[Stored data]
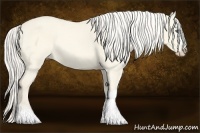 Horse Color:Cremello Dun 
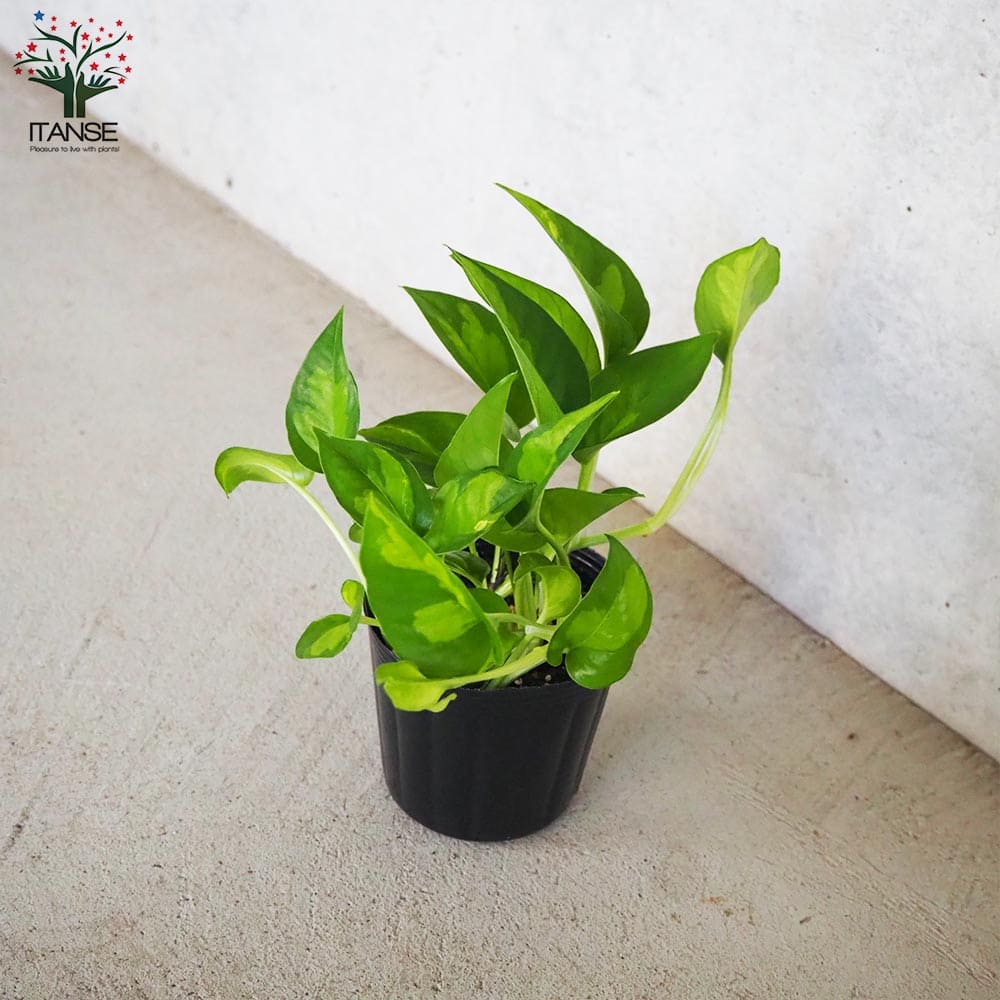ポトス グローバルグリーン【観葉植物 3号ポット】｜ 【植物の 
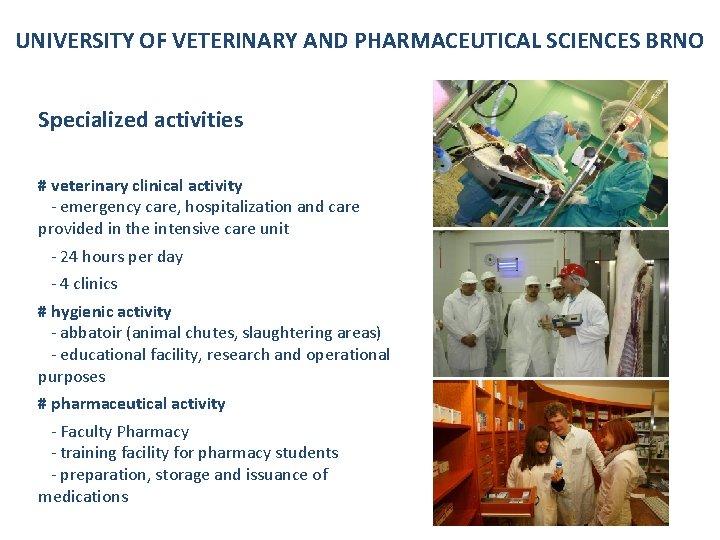 UNIVERSITY OF VETERINARY AND PHARMACEUTICAL SCIENCES BRNO Specialized activities # veterinary clinical activity -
[/Stored data]
# Work item:
The whole listing above should be restated word for word, minus any images.

# Reply to the exercise:
 Horse Color:Cremello Dun 
ポトス グローバルグリーン【観葉植物 3号ポット】｜ 【植物の 
 UNIVERSITY OF VETERINARY AND PHARMACEUTICAL SCIENCES BRNO Specialized activities # veterinary clinical activity -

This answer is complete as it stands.